### WHAT IS BEING ASKED
The entries below hold a line with "Squirrel-proof bird feeder" and a line with "Lifelike faux green". Return those lines and all that lie between them, exactly and only.
#### RECORDS FOR PROCESSING ####
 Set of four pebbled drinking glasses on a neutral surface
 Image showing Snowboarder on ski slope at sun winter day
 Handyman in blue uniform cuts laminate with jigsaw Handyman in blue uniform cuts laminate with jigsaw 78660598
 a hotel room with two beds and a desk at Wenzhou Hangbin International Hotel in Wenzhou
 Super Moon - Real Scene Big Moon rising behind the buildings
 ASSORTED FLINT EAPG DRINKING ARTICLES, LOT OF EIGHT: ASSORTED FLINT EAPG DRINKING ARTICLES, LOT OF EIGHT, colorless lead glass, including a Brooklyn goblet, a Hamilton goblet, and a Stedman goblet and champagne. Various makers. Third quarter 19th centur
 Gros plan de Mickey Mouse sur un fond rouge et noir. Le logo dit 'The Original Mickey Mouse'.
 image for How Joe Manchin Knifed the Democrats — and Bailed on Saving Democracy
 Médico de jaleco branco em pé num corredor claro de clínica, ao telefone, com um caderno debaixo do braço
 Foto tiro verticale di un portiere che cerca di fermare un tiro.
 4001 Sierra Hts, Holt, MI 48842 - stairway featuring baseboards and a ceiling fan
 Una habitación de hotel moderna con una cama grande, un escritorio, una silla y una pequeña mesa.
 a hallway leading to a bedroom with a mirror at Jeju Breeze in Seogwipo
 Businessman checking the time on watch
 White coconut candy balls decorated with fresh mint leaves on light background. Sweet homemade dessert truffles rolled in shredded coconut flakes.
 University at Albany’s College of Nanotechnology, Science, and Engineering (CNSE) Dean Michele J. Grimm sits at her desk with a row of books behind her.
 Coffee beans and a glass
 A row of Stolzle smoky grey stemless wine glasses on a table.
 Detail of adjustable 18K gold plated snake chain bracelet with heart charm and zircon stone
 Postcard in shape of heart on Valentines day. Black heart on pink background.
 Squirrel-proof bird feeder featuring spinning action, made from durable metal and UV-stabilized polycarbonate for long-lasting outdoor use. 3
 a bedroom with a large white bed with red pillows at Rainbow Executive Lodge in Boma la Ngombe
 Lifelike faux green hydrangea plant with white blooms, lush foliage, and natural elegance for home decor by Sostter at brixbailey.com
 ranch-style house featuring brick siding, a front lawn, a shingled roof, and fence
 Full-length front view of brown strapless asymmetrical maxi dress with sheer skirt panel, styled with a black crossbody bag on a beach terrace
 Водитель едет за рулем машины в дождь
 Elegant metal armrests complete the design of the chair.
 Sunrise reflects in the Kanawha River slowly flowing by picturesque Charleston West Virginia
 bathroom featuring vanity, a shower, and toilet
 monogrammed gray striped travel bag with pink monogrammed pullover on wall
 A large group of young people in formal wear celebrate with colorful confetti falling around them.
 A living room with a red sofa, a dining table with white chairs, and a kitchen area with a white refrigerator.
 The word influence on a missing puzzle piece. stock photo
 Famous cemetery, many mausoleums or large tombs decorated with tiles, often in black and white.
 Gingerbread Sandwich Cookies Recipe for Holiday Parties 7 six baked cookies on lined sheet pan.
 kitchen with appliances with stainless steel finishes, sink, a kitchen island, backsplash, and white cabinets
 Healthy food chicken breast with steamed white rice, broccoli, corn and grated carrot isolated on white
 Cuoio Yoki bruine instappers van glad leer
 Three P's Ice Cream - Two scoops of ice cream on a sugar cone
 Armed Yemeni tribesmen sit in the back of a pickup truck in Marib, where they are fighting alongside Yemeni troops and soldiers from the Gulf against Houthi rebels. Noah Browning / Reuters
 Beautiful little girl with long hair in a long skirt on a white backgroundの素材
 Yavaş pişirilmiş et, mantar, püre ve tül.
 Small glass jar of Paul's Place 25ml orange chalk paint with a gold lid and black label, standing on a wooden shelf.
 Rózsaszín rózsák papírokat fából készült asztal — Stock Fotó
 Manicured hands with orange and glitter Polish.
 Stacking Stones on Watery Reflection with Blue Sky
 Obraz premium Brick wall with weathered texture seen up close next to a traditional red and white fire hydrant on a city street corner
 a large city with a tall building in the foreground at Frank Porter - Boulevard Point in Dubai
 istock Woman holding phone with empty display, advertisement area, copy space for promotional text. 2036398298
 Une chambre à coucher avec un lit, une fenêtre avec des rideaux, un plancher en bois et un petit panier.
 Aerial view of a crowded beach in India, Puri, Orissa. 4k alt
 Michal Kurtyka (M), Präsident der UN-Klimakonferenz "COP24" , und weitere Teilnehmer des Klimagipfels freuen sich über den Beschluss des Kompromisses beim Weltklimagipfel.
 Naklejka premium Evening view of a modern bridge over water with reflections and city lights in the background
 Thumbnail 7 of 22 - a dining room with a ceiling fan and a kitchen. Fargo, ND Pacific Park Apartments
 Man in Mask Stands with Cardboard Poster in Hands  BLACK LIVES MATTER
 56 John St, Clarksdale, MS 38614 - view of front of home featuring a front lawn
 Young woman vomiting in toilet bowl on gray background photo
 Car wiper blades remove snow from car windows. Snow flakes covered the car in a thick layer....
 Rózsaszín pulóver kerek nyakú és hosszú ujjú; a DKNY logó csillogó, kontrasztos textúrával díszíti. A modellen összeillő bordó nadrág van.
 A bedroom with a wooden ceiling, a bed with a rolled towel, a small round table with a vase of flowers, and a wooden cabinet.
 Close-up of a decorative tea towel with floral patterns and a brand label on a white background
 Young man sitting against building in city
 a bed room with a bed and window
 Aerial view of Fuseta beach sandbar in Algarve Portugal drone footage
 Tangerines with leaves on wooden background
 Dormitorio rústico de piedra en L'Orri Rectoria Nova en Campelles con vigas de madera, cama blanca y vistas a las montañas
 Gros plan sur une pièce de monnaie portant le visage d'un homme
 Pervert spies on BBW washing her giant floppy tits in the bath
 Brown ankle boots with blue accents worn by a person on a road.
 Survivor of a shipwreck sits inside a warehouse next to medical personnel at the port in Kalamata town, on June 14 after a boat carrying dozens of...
####
### OUTPUT FOR THIS EXERCISE
 Squirrel-proof bird feeder featuring spinning action, made from durable metal and UV-stabilized polycarbonate for long-lasting outdoor use. 3
 a bedroom with a large white bed with red pillows at Rainbow Executive Lodge in Boma la Ngombe
 Lifelike faux green hydrangea plant with white blooms, lush foliage, and natural elegance for home decor by Sostter at brixbailey.com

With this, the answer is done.